Keepin’ the funk alive

Soul Fire Revue host talks about his set lists so far this year

By Jeff Listerman 

During my last show I played a set of killer 2004 re-mixes of the sessions that Quincy Jones did with Bill Cosby in 1969, and when the “Pelando” remix by Los Amigos Invisibles hit a heavy drum break I mixed in a coupla intense Afro-Cuban drum songs from another CD that I just started listening to —¨Drums of Cuba Afro-Cuban Music From the Roots¨ by Grupo Oba-Ilú on the Soul Jazz label.  Now, I’ve heard all kinds of drum and percussion albums, from jazz to different African and Jamaican stuff, but these are some intense, complex and hypnotic rhythms. All at once, complex, minimalist and repetitive. They almost sometimes remind me of Terry Riley or early Kraftwerk. One of the drums has a beautiful high-ringing tone that reminds of an old school synth or electric piano. Anyway, they get into some intense and funky cross-rhythms and so I mixed in a couple tracks before shifting back to a couple more Quincy Jones-Bill Cosby remixes.

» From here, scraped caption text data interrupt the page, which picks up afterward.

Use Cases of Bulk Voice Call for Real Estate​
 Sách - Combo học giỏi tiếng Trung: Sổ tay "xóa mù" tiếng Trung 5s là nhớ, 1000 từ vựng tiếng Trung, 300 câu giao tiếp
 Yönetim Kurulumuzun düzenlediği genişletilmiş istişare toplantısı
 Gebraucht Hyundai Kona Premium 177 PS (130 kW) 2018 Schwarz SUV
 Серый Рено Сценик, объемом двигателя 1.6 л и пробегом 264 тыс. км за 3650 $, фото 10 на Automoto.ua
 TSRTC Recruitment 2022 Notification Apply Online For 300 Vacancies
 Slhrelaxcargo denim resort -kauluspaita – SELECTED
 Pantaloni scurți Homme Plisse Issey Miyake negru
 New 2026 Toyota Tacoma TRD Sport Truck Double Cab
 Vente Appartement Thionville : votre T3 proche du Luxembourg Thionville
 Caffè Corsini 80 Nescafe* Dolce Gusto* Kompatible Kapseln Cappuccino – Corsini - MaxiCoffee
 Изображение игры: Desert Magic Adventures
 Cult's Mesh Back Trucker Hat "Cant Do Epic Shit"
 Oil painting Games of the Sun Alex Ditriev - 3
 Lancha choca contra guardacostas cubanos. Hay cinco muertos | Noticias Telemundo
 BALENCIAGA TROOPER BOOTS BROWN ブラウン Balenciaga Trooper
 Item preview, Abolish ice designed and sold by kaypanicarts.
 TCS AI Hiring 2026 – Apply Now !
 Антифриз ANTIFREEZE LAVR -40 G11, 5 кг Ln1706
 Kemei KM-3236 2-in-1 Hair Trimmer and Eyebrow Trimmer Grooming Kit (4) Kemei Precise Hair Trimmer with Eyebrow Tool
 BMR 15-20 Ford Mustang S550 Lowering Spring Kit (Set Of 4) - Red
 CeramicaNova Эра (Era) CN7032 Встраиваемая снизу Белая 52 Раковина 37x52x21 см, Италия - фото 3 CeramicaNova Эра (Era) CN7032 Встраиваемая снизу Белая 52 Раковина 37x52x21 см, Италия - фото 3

Which all is to say that I try to stretch-out and play more than just the classic American soul and funk genre….. HOWEVER, that genre is the heart of the show, and to that end, I’m always looking and listening for new stuff that is a cut above.

I have been an OBSESSIVE music collector and have amassed somewhere around 5,000 CDs in all genres – from experimental electronica and noise rock to classic country and hillbilly bop to jazz to world music to, of course funk and soul.  Anyway, after  years of going back and forth with myself, I’ve started selling off quite a few.  If I can get ‘er down to 1,000 it’d be good — most just sit packed in boxes anyway.  So, in selling over a hundred per week at current pace, I’m takin’ a chunk of the return in store credit so I can keep feedin’ the beast and keep bringin’ new stuff onto the Revue (not to mention excavating old gems that I forgot about, buried in boxes for years.)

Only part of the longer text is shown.